Cheney wins House GOP leadership challenge

 

February 4, 2021



CASPER — Rep. Liz Cheney survived an internal challenge to remove her from House leadership on Wednesday night, staving off an attempt by Trump loyalists to punish her for supporting impeachment.

The final vote to keep the Wyoming congresswoman in her position as Republican Conference chair was 145-61, The Associated Press reported, showing the strength of the third-ranking Republican’s support in Washington after weeks of speculation the conference would oust her over her vote to impeach President Donald Trump last month.

Cheney told reporters afterward the vote was “terrific.”

According to numerous media sources, Cheney refused to back down or apologize during the meeting, defending her vote to impeach Trump and her statements on and after the Jan. 6 riots placing the blame for the storming of the Capitol on Trump and his rhetoric.

“This will be his legacy,” she said at the time.

Those statements subsequently kicked off a revolt against her. Since her vote to impeach Trump on Jan. 13, calls to oust Cheney from her position in leadership have been escalating among members of her party and Trump loyalists and amplified through conservative media.

Cheney critics like Rep. Matt Gaetz, R-Florida, and Cheney’s first primary opponent, Wyoming state Sen. Anthony Bouchard, have sought to exploit right-wing outrage over Cheney’s impeachment vote to position themselves on a pro-Trump, populist message in the lead-up to the 2022 midterms, with Gaetz going as far as flying out to Cheyenne last week to generate buzz for a potential primary challenge in 2022. Gaetz had also claimed on Twitter that he had the votes to oust Cheney from leadership.
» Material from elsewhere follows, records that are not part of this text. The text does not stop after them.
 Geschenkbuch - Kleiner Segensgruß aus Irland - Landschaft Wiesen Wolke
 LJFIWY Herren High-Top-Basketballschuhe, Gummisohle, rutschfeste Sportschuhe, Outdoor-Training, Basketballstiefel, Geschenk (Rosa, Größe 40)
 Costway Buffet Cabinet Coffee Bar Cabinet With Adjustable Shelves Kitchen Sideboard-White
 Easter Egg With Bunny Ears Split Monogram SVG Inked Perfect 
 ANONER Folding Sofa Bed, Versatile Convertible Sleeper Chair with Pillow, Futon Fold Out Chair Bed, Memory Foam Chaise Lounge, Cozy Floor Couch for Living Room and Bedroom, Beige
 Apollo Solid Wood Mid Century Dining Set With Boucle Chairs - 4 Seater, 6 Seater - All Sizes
Meanwhile, Cheney has been censured by at least a dozen county-level Republican committees across Wyoming for her vote, while the Wyoming Republican Party is expected to vote on censuring Cheney at its meeting in Rawlins this weekend.

But Cheney’s vote — and the backlash it generated — has also come to symbolize one side of an increasingly conflicted Republican Party torn between its allegiance to Trump and the party’s long-term viability after the GOP lost the House, Senate and White House.

The same day Cheney’s future was being discussed behind closed doors in Washington, fellow members of the Republican conference advanced a floor resolution to strip another one of their members — pro-Trump conspiracy theorist Marjorie Taylor Greene, R-Georgia — of her committee assignments after videos and social media posts emerged of her harassing a survivor of a school shooting, trafficking in anti-Semitic conspiracies and liking Facebook posts that advocated violence against Democratic lawmakers.

Notably, this closely mirrored a 2019 effort by Cheney to strip Rep. Steve King of his committee assignments after a number of the Iowa Republican’s racist comments emerged in the press, earning a swift, bipartisan rebuke from both parties in the House.

Times have changed, however: While members of Republican leadership — including Senate Minority Leader Mitch McConnell — have previously condemned Taylor-Greene — opinions on Greene remain mixed within the GOP, including in Wyoming. While Sen. John Barrasso has previously lent his support for Cheney, his freshman counterpart, Sen. Cynthia Lummis, has not, telling CNN on Wednesday, “The House should do what the House chooses to do.”

Nationally, a similar difference in opinion exists as well: According to a YouGov/Economist Poll released Wednesday, Cheney’s favorability in the Republican Party is actually five points less than Greene’s at 19% with significantly higher unfavorable ratings, though the freshman Georgia congresswoman’s name recognition is significantly lower than Cheney’s.

Bouchard has even mention Greene in his public statements in an effort to differentiate himself from Cheney, saying it was time that Republicans “stopped being nice guys and started fighting back.”

“Deep State Trump-haters are attacking Marjorie Taylor Greene for social media posts and ‘likes’ made before she was even a candidate, while at the same time saying Ms. Cheney should not pay a price for her traitorous impeachment vote cast while she was in office,” Bouchard said in a statement to his campaign page on Wednesday. “That’s ridiculous and exactly why people are fed up with the attacks on Congresswoman Greene.”